Cerca de 60% dos eleitores
votaram nas três áreas onde o
pleito já ocorreu, segundo dados preliminares das autoridades indianas -o voto é facultativo. As eleições, divididas em
sete fases para permitir total
ocupação militar das zonas
eleitorais, começaram em 17
novembro e vão até o próximo
dia 24. Para evitar distúrbios, a
apuração só começa no dia 28.
A operação eleitoral assemelha-se a uma guerra, embora a
Conferência Hurriyat, aliança
separatista, tenha afirmado
que não usaria a força para promover o boicote. Protestos estão proibidos e os principais líderes separatistas, em prisão
domiciliar preventiva. "Estas
eleições são uma farsa para legitimar a ocupação indiana",
disse o engenheiro caxemire
Shadab Qayoom, em conversa
por telefone com a Folha.
Para a maioria dos caxemires, porém, luz elétrica e água
encanada são promessas mais
sedutoras do que a luta pela
improvável independência,
que já deixou 60 mil mortos
desde o início do levante, no final da década de 80. O voto, entretanto, não significa necessariamente apoio a Nova Déli.
"Liberdade"
"Azadi" é palavra de ordem
que ressoa na Caxemira. Traduzido literalmente como "liberdade", o termo tem um significado amplo, diz o acadêmico indiano Sumit Ganguly. "Para algumas pessoas, azadi representa um emprego. Para outras, a possibilidade de se unir
ao Paquistão. Azadi pode significar a independência, maior
autonomia regional. Depende
do contexto e do indivíduo."
"Azadi" é também o termo
usado por Islamabad para qualificar a Caxemira paquistanesa
-que, ao contrário da indiana,
não faz parte da federação.
"Confundir o desejo de liberdade com a intenção de unir-se ao
Estado paquistanês é um erro
que tanto paquistaneses como
indianos cometeram no passado", disse o analista à Folha.

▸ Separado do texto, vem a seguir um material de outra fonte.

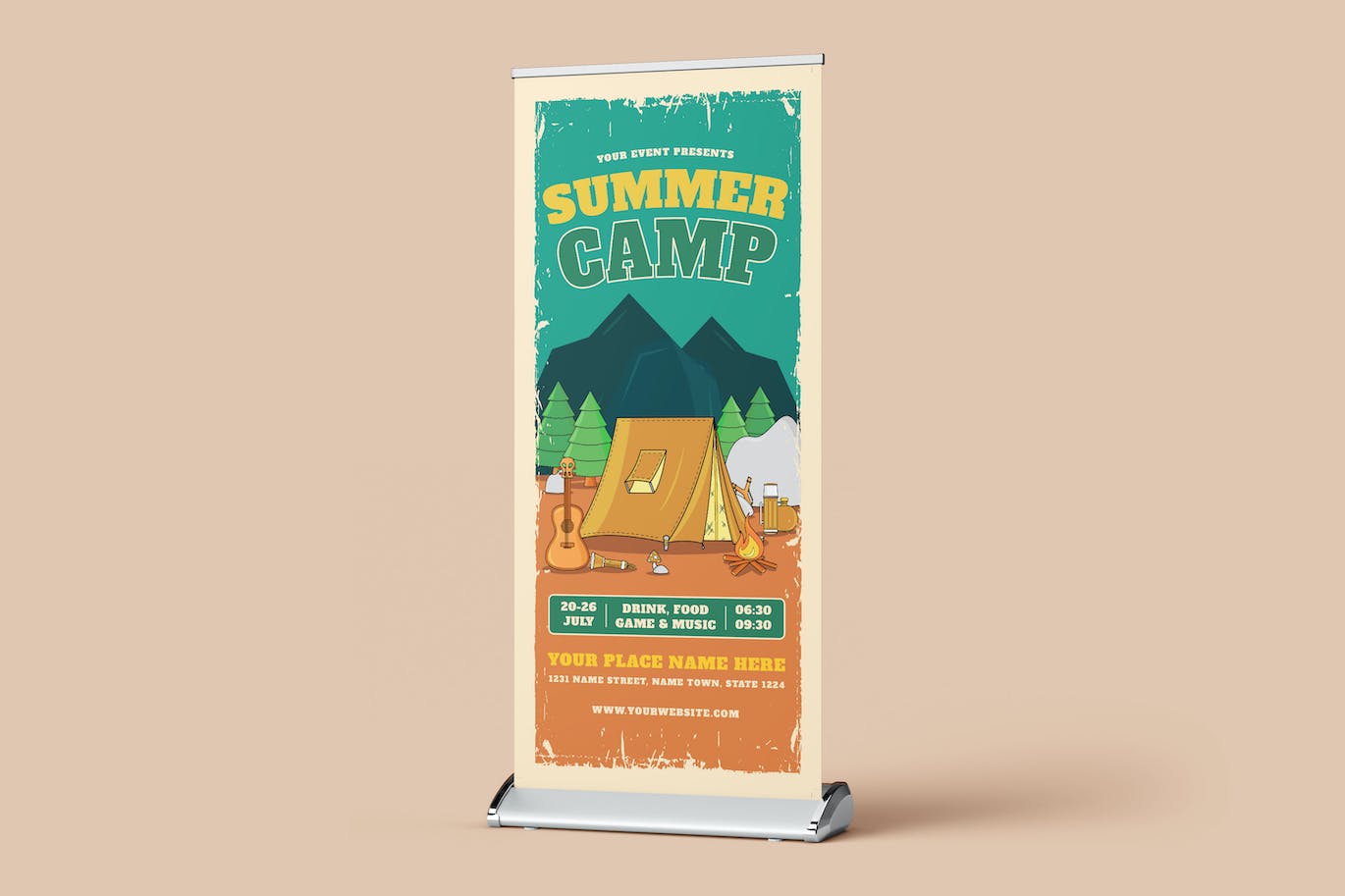 夏令营广告易拉宝设计模板 Summer Camp Rollup Banner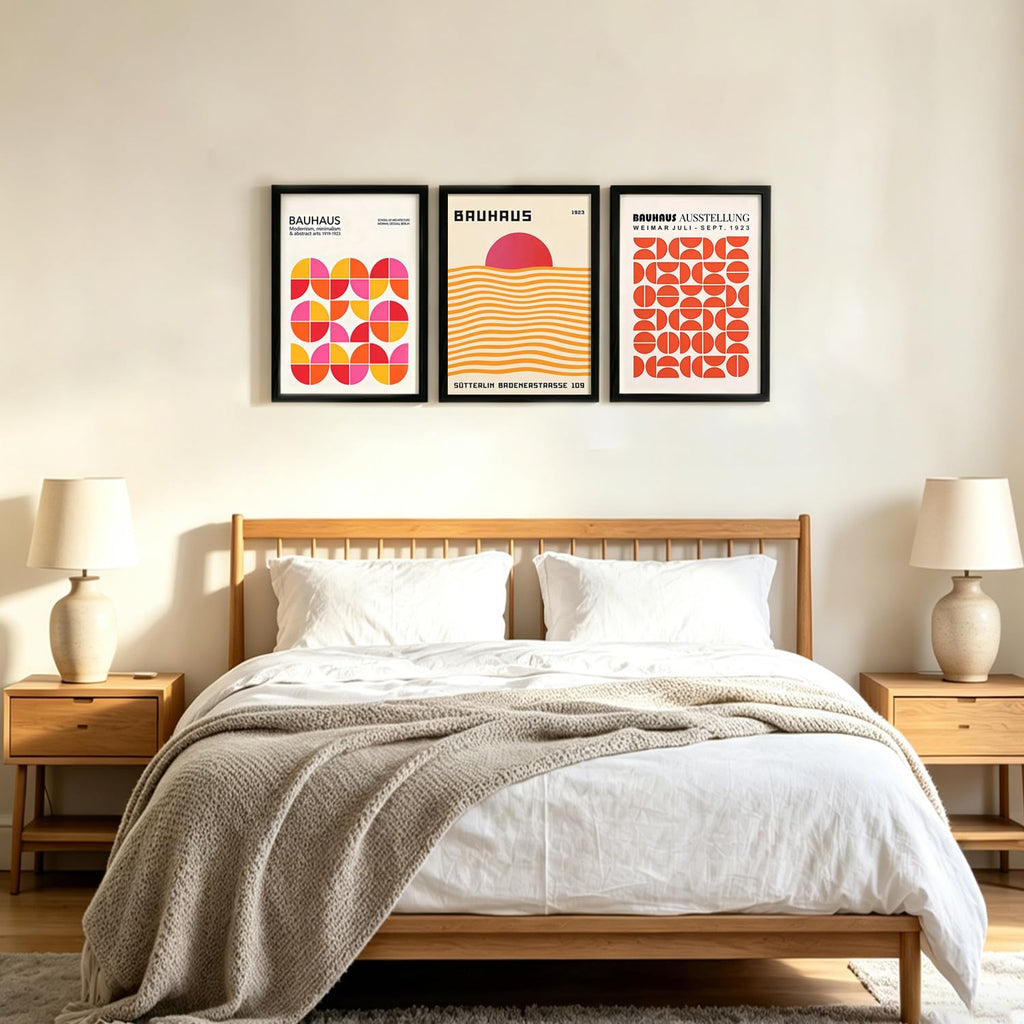 3Pcs Black Framed Bauhaus Wall Art, Sunset Wall Decor, 12x16 Inch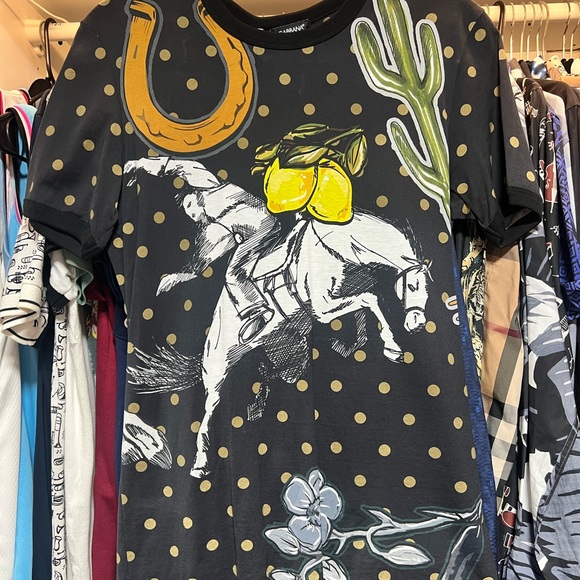 Dolce & Gabbana Other - Dolce & Gabbana Black Cowboy Graphic T-Shirt - XS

Nascente de rios importantes e estopim de 2 das 3 guerras
travadas entre Índia e Paquistão, a Caxemira é uma das zonas mais militarizadas do planeta. A região de maioria muçulmana, que no passado foi
um reino independente e uniu-se à Índia após tentativa de
anexação paquistanesa, é hoje
repartida entre Nova Déli (que
controla cerca de 60% de seu
território), Islamabad (com
30%) e Pequim (10%).
Na porção indiana (o Estado
de Jammu e Caxemira), mais
de 500 mil soldados estão
prontos para reagir a qualquer
tentativa de se separar pelas armas. Há um militar para cada
20 civis -na fronteira, o número chega a 1 para 4. "Somos um
país ocupado", diz Qayoom.
"O máximo que os caxemires
podem esperar é mais autonomia", afirma Ganguly, lembrando que a proposta de um
plebiscito local sobre a independência, aprovada por resolução da ONU em 1949, não
tem apoio de nenhum partido
de alcance nacional. Quase um
terço dos 10 milhões de habitantes de Jammu e Caxemira é
hindu, e muitos acreditam que
a independência provocaria
uma limpeza étnica.
"Viajei muito pela região, escrevi três livros sobre a Caxemira e mais artigos do que sou
capaz de lembrar... Há pouquíssimas coisas que posso
afirmar, com certeza, que não
acontecerão enquanto eu viver.
A independência da Caxemira
é uma delas", diz Ganguly.
Também cético, Nayan
Chanda, especialista em globalização da Universidade Yale,
nos EUA, diz que o contexto internacional é desfavorável à independência caxemire. "A região se tornou estratégica para
o combate ao terrorismo, que é
uma preocupação global."
Raízes do Conflito
Para Sumit Ganguly, o autoritarismo de Nova Déli explica
a revolta caxemire, convertida
em terrorismo pela infiltração
paquistanesa.
"O governo federal e, sobretudo, o premiê Rajiv Gandhi
[1984-1989], tem responsabilidade pela crise original. Nova
Déli tentou impor suas escolhas na Caxemira. Isso gerou
uma grande insatisfação, e os
jovens optaram por protestos
extra-parlamentares: paralisações, protestos, violência ocasional", diz o indiano. "Com a
vinda de grupos treinados no
Paquistão, o movimento autonomista se modificou, e os caxemires ficaram totalmente
marginalizados", diz Ganguly.
O cientista político Rasul
Bakhsh Rais, da Universidade
de Administração de Lahore
(Paquistão), conta que muitos
grupos que lutam contra o domínio indiano na região foram
treinados pelo Exército do país
para combater os soviéticos no
Afeganistão.
"O Exército treinou o Lashkar-e-Taiba [no final dos anos
70 e 80], com apoio inclusive da
CIA. Mas isso não significa que
o Paquistão tenha algum controle sobre esse grupo ou os demais que atuam na Caxemira",
diz Rais.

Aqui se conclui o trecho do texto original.